Researchers at the University of California-Irvine and Princeton University surveyed Hispanics from Southern California. The findings are relevant in Arizona because the death of the mother tongue among multigenerational Hispanics mirrors the experiences of other immigrant groups in the U.S., including White Europeans and Chinese. Arizona is home to an estimated 1.6 million Hispanics, including an estimated 500,000 immigrants.

Losing the language

“The United States is a language graveyard,” said Rubén Rumbaut, a UC-Irvine sociology professor and co-author of the study “Linguistic Life Expectancies: Immigrant Language Retention in Southern California.”

“The shift (toward English only) is rapid, and it’s essentially complete by the third generation,” he said.

First-generation Hispanics, those born outside the U.S., bring their languages with them. The size of the Hispanic immigrant group in Arizona, coupled with Spanish-language media, including TV, radio, newspapers and Web sites, helps them maintain the language. Spanish is typically spoken in the home, at work and with family and friends.

Their children are known as second generation. They tend to be bilingual, speaking Spanish in the home and with family, and English in school, at work and with friends. Among the second generation with at least one parent from Mexico, about 35 percent speak Spanish well, according to the study.

Third-generation Hispanics are overwhelmingly English-only. Just 17 percent with three or four foreign-born grandparents speak Spanish fluently. Five percent of third-generation Hispanics with one or two foreign-born grandparents speak Spanish.

“When you are immersed economically, socially and culturally in a culture that speaks a different language, it’s only a matter of time until you lose language,” said pollster Earl de Berge of Phoenix-based Behavior Research Center.

The Hispanic language experience may be different from earlier immigrant groups, he said, because of its sheer size and access to Spanish-language media. Also, de Berge said, it could take longer for Spanish to fade if heavy immigration from Mexico and Latin America continues.

Third-generation Hispanic David Cervantes was raised speaking English as a kid in California and heard Spanish only when his bilingual parents and grandparents talked to each other. The Phoenix librarian learned Spanish in high school.

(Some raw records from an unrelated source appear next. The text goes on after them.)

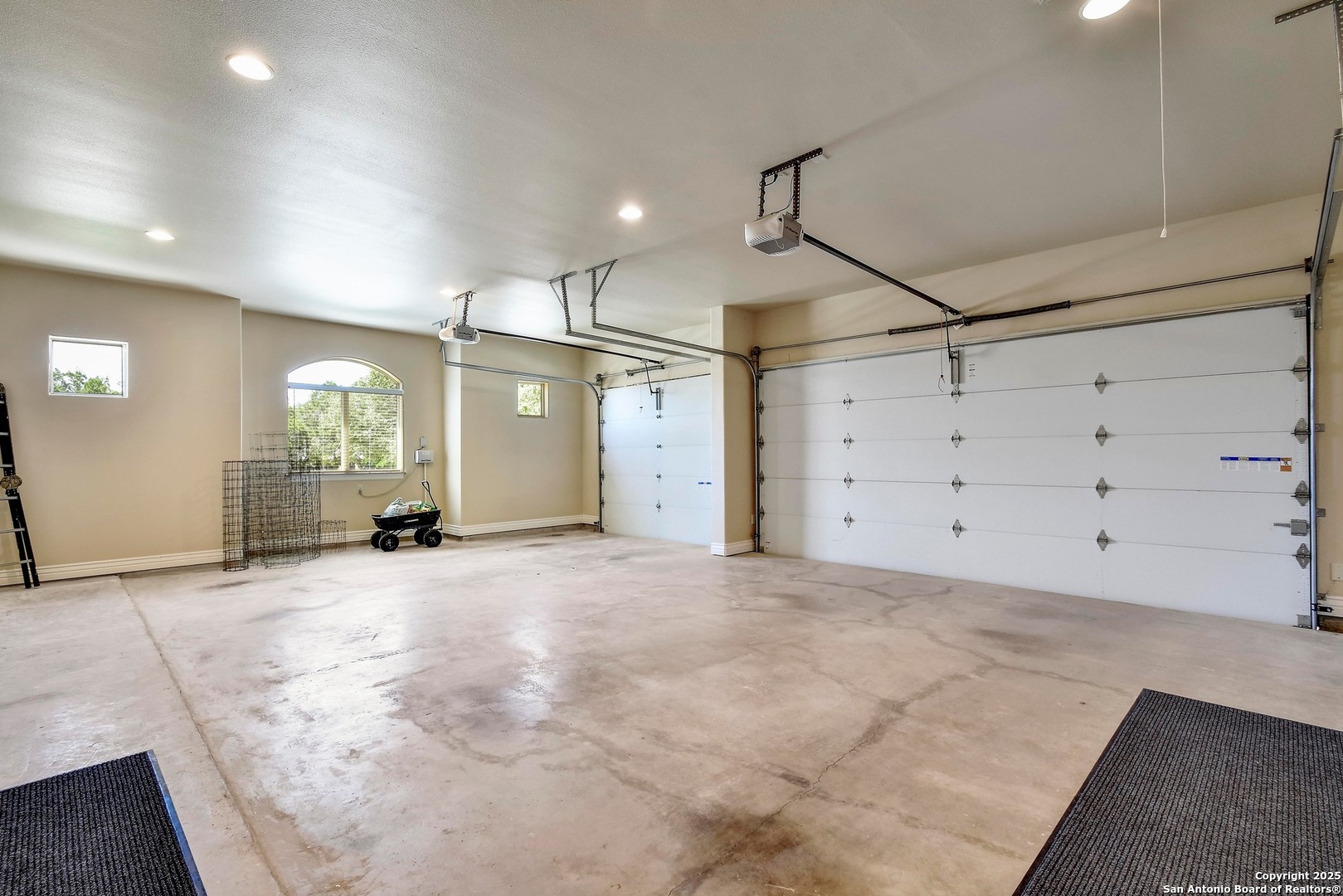 8 Braeburn Court Bulverde, TX 78163 - Photo 47 of 64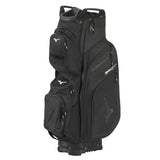 Mizuno BR-D4C Cart Bag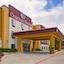 Comfort Suites Georgetown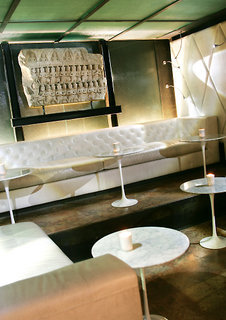 Viajes Granados 83 + Entradas General Illa Fantasía Viajes Granados 83 + Entradas General Illa Fantasía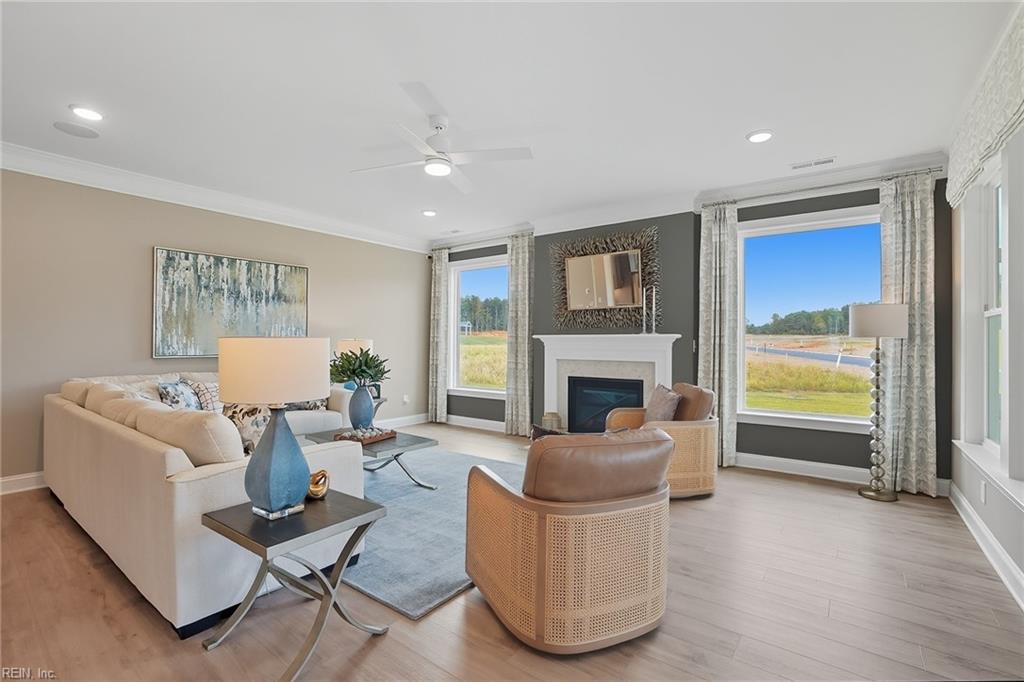 Mm Edgefield Property Photo 16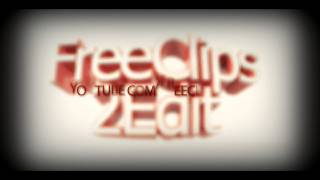 MW2-trickshot edit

“They spoke fluent English,” Cervantes, 51, said of his parents. “Everything was taught in English, and they didn’t want to go against that.”

The bottom line, Rumbaut said, is English triumphs: “The grandchildren of the immigrants end up speaking English only. They may end up retaining a few little vestiges {ellipsis} like muchas gracias. But they cannot carry a conversation or write a business letter.”

Language fights

In Arizona, Spanish has become a flashpoint.

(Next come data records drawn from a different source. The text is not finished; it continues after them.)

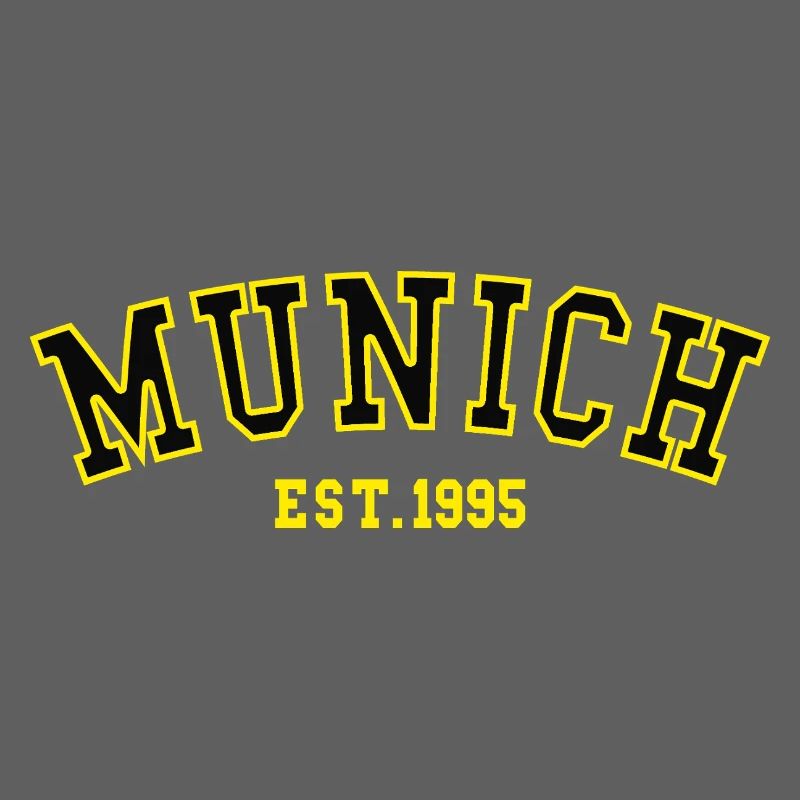 Munich_Est_1995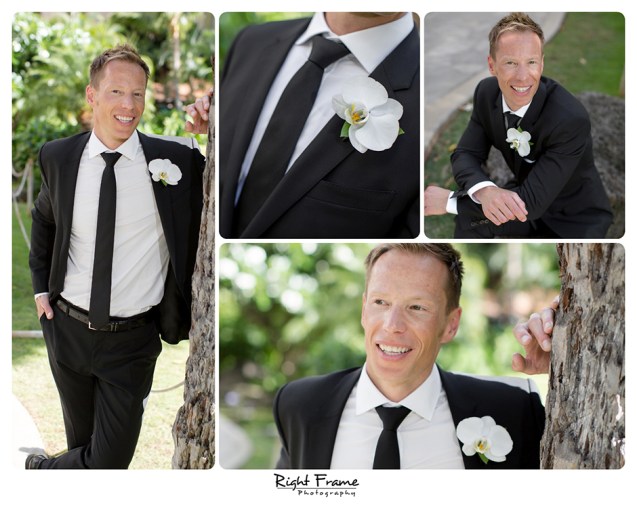 019_Wedding at Ocean Crystal Chapel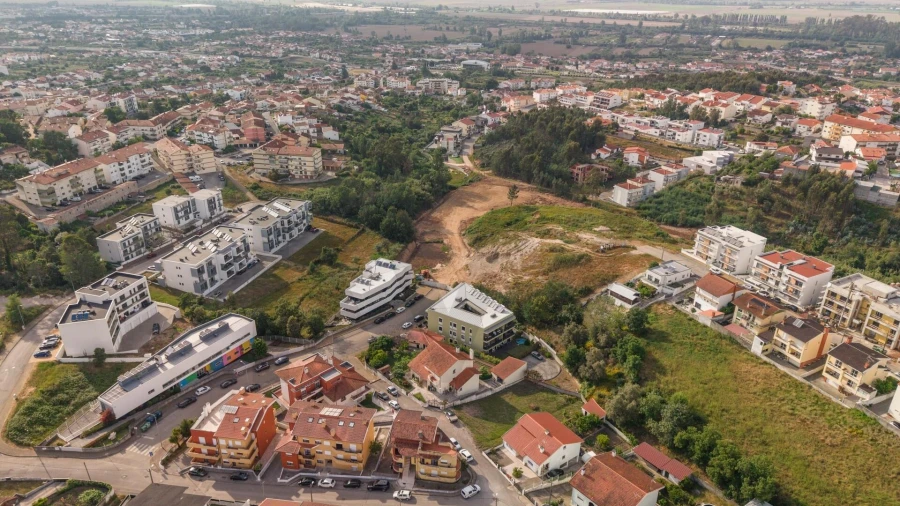 Apartamento T2 para Venda em São Martinho de Árvore e Lamarosa Foto 33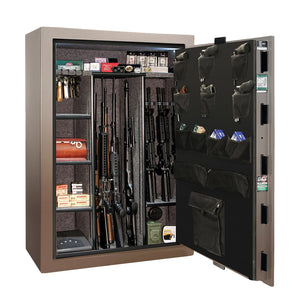 Ducks Unlimited 45 Gun Safe by Liberty Safe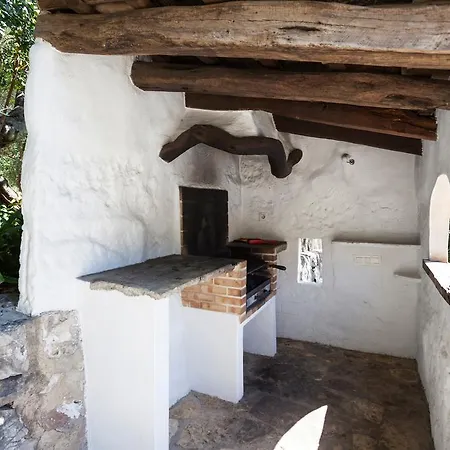 Villa Lloberina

An initiative on the November ballot would make English the state’s official language.

The Legislature and Gov. Janet Napolitano have sparred repeatedly over how much money should be spent to help students learn English.

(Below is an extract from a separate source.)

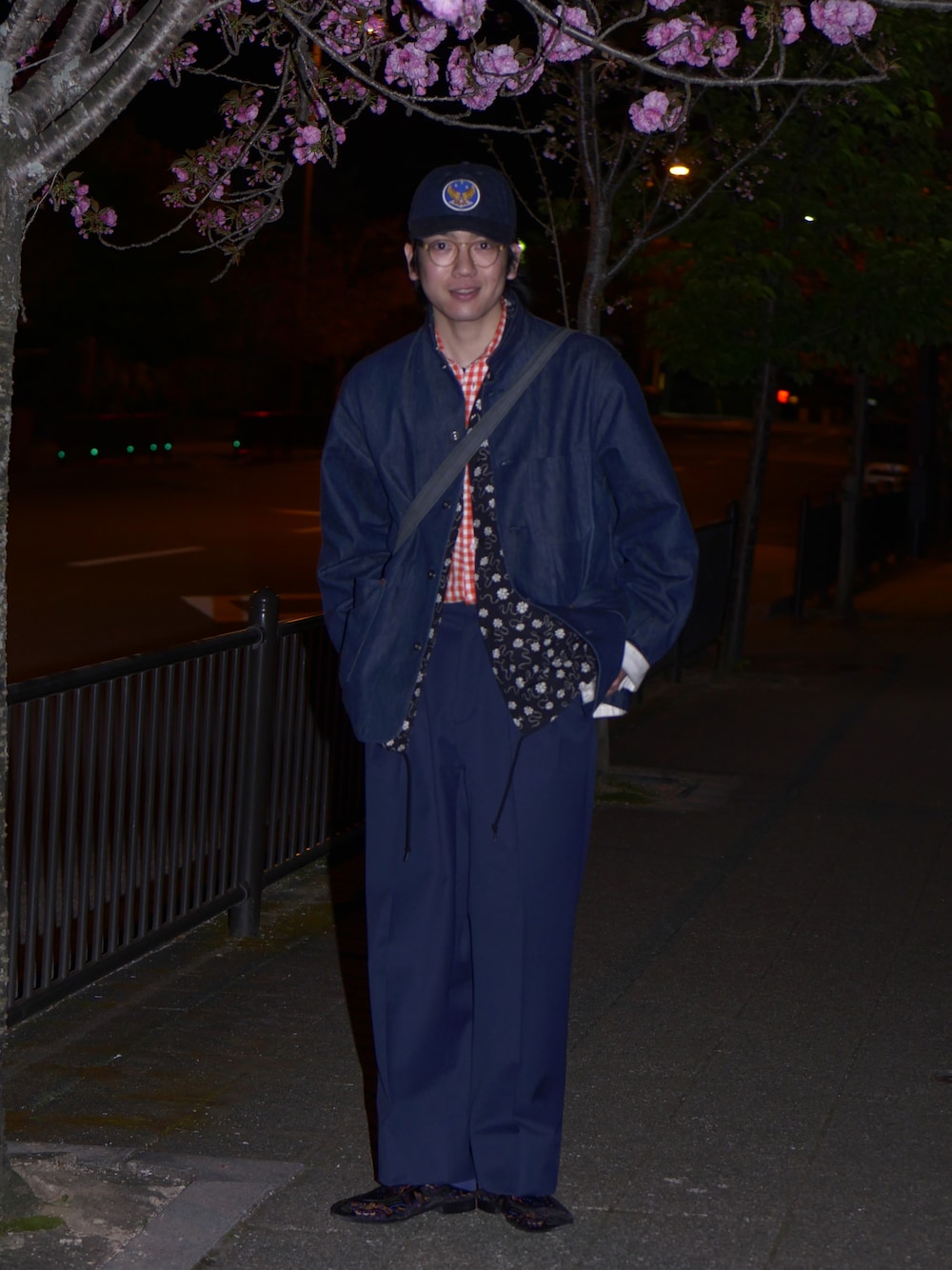 NEEDLES（ニードルズ）＞ VELVET MULE□□□を使った人気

Many Arizonans complain that Spanish radio, TV and newspapers are altering American culture.

Try telling that to third-generation Hispanics like Corina Rodriguez. She can pick up and speak only a few common words and phrases when her friends speak Spanish. ¿Cómo estás? How are you? Buenos dias. Good morning. And adiós. Goodbye.

“I didn’t question my parents until maybe the end of high school,” the 25-year-old Tempe social worker said. “I was like, ‘Why didn’t you guys teach me?’ Their answer was, ‘We were never taught.